Quando si potrà tornare al voto in Abruzzo? «Tra novembre o dicembre». Se D’Alfonso, sciolti i nodi, è pronto a fare le valigie, in Regione è violenta zuffa per la legge elettorale che il Pd ha stranamente deciso ora di ritoccare. Ad aprire il fuoco incrociato è Maurizio Acerbo, segretario nazionale di Rifondazione. «Il Pd – dice – con il voto anticipato, consegnerà la Regione alla destra o ai M5S, assecondando la fuga a Roma di un presidente ormai inviso ai cittadini e screditato.

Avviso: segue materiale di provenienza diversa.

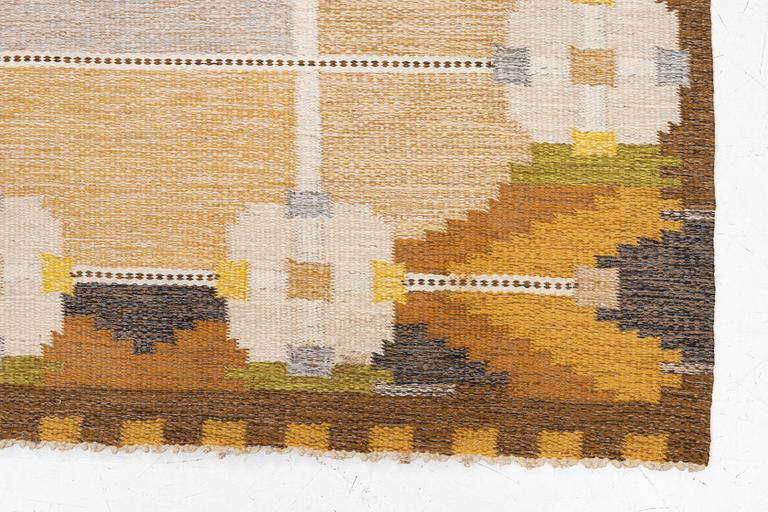 Ingegerd Silow, a flat weave rug, c. 202 x 137 cm.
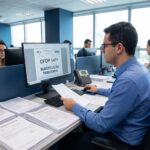 Analista fiscal conferindo nota de devolução com CFOP 1411 e substituição tributária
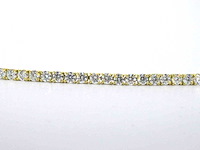 Gouden tennisarmband met briljant geslepen diamanten 7.50 carat - afbeelding 6 van  9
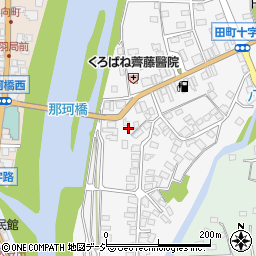 栃木県大田原市黒羽田町604-1周辺の地図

L’ultimo colpo di coda è la presentazione, in fretta e furia, da parte del capogruppo Sandro Mariani, di una proposta di modifica della legge elettorale. Cosa prevede questa sveltina? Innanzitutto – tuona Acerbo -l’innalzamento della soglia di sbarramento all’8% per le liste. Un presidente che da un pezzo avrebbe dovuto dimettersi e una maggioranza che dovrebbe occuparsi solo di ordinaria amministrazione si preparano a introdurre una soglia di sbarramento antidemocratica, che c’è solo in Molise e nella Turchia di Erdogan. Contro chi è rivolta questa modifica? Contro l’esordio di un quarto polo di sinistra, ambientalista, dei movimenti. Un golpe della maggioranza», conclude.

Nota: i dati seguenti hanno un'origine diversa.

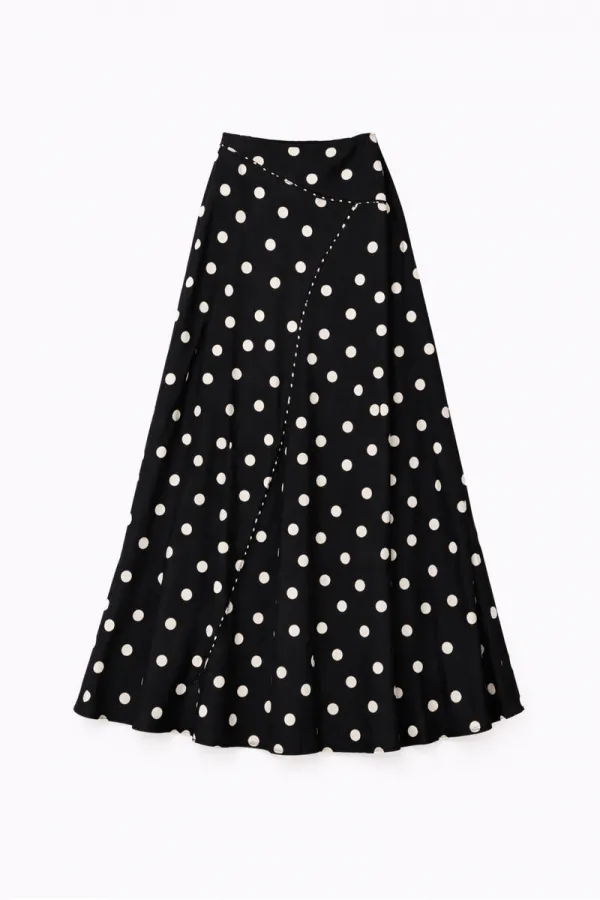 BELİ LASTİKLİ PUANTİYELİ ETEK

Non meno aspro il consigliere di Si, Leandro Bracco: «Che il Pd fosse alla canna del gas – dice – pure gli ebeti lo avevano compreso. Ma che a quattro mesi dal voto si facesse promotore di radicali cambiamenti alla legge elettorale, in pochi potevano immaginarlo. L’articolo 14 comma 2 dello Statuto della Regione Abruzzo – prosegue – prevede che ‘nei sei mesi antecedenti la scadenza della legislatura, il Consiglio non può adottare né modificare leggi in materia elettorale’. L’attuale norma – aggiunge – prevede la soglia del 4% per le liste che corrono da sole e il 2% per quelle che si presentano in coalizione.

Il Pd vorrebbe alzare la soglia delle liste indipendenti all’8% e di quelle coalizzate al 3%». Contro anche la Cgil e non ci sta neppure Articolo 1, che fa sapere: «Ancora una volta il Pd si è mosso in totale solitudine, senza alcun rispetto per le altre forze politiche. Appare evidente che quanto è successo a livello nazionale con le forzature del Rosatellum non abbia insegnato nulla».

Nella mischia pure la Lega che accusa Forza Italia di inciucio con il Pd e a cui Fi replica che «è necessario rivedere ‘di poco’ le soglie di accesso per evitare ingovernabilità».